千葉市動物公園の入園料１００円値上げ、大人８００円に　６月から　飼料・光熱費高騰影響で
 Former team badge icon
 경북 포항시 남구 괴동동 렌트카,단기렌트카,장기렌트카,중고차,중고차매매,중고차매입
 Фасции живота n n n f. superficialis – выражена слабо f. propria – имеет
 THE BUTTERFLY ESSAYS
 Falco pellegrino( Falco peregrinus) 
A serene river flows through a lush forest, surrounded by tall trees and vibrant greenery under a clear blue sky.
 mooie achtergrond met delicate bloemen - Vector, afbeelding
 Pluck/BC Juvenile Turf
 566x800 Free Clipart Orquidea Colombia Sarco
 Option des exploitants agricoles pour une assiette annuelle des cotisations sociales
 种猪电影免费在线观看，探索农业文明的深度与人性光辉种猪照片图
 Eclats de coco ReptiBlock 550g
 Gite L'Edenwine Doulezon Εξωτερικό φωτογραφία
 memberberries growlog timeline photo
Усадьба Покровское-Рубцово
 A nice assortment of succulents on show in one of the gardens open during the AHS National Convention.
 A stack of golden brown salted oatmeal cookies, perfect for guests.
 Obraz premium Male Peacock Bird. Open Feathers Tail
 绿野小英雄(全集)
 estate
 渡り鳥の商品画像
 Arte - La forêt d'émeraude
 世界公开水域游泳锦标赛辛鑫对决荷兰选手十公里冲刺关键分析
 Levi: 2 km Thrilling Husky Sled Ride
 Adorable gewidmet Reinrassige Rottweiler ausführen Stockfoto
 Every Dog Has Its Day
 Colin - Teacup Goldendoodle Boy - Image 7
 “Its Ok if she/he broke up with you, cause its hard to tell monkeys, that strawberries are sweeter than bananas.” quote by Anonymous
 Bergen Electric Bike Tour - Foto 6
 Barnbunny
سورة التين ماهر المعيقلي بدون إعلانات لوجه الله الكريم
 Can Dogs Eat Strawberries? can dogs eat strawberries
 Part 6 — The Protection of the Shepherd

········

**Task objective**
Only the number is wanted: how many lines of these entries contain the string "strawberries"?

**Solution below**
2